Thats one good looking watch. What movement did they have?

Bill


----------



## bill (Oct 16, 2004)

Is it pretentious if I answer my own questions?

25 Jewel ETA 2824-2

easy google


----------



## dapper (Jun 18, 2004)

My converted RLT39 arrived this morning from Roy  ......














































Thanks Roy, great job :thumbup:


----------



## Silver Hawk (Dec 2, 2003)

Very nice Alan. :thumbsup:


----------



## Nickc (Oct 31, 2009)

Silver Hawk said:


> Very nice Alan. :thumbsup:


Rather like that. Decent watch, footballer style for what I would have thought was a reasonable price.


----------



## dapper (Jun 18, 2004)

Silver Hawk said:


> Very nice Alan. :thumbsup:


Cheers Paul. Glad you started this thread, I wouldn't have thought about the conversion otherwise 



Nickc said:


> Rather like that. Decent watch, footballer style for what I would have thought was a reasonable price.

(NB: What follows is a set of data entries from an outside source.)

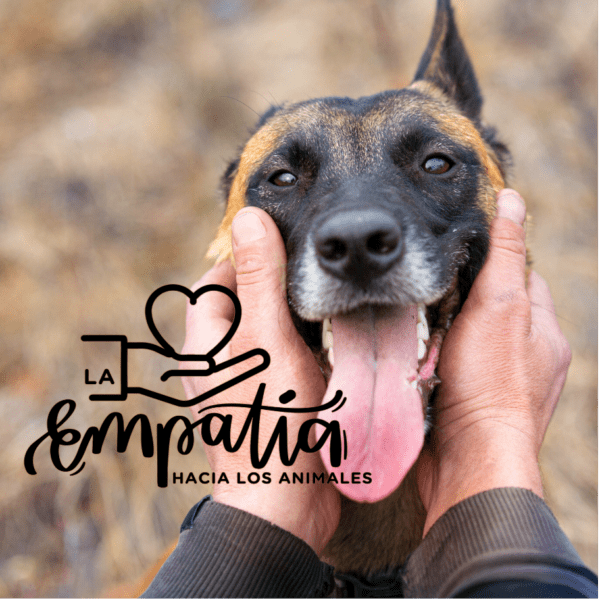 La Empatía hacia los animales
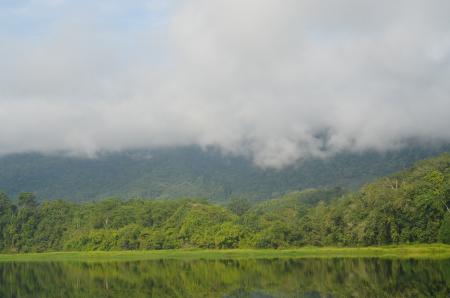 Tall Trees Near River and Mountain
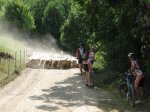 IMG_5412.JPG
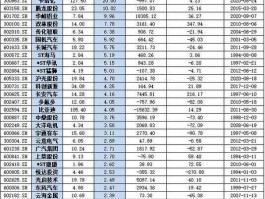 民营概念股（股票中新能源概念股有哪些？）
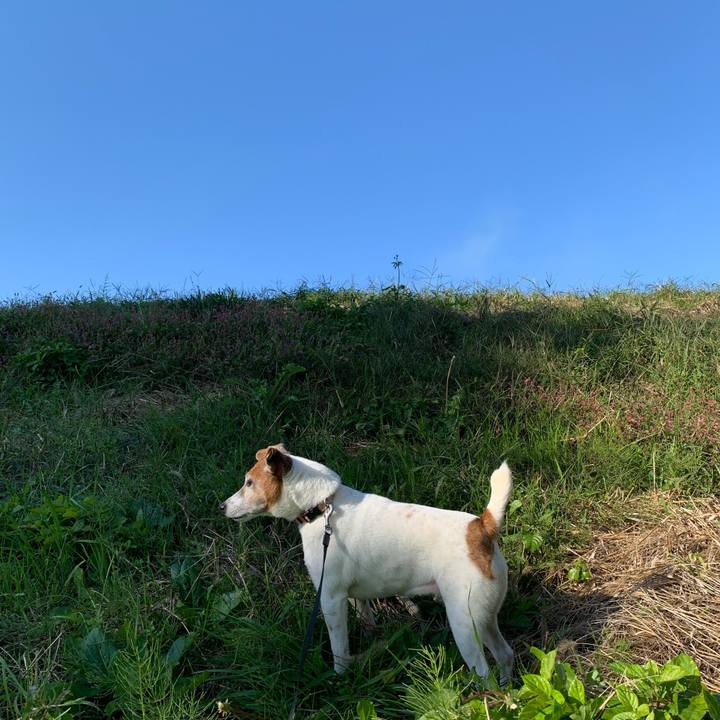 7153165d ff63 4eaf bf62 4eb45e5c4091 1604101337174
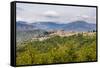 Castiglione Di Sicilia, a Small Village on Mount Etna Volcano, Sicily, Italy, Europe-Matthew Williams-Ellis-Framed Stretched Canvas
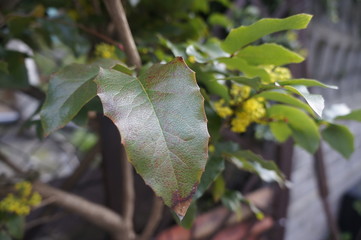 Wiosenny zielony błyszczący liść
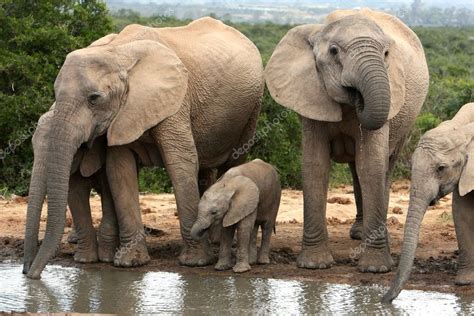 African Elephant Family Group — Stock Photo © fouroaks #2322491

Not sure about the 'footballer' association but it's great quality at a proper price


----------



## Guest (Sep 8, 2010)

Roy said:


> I remember them, anyone need a dial ?


If you take orders for those over the phone, then you could call the service "Dial-a-dial". 

p.s. I recently bought something with similar numerals...


----------



## davkt (Aug 19, 2010)

PhilM said:


> Roy said:
> 
> 
> > I remember them, anyone need a dial ?
> ...


Just what I was thinking!


----------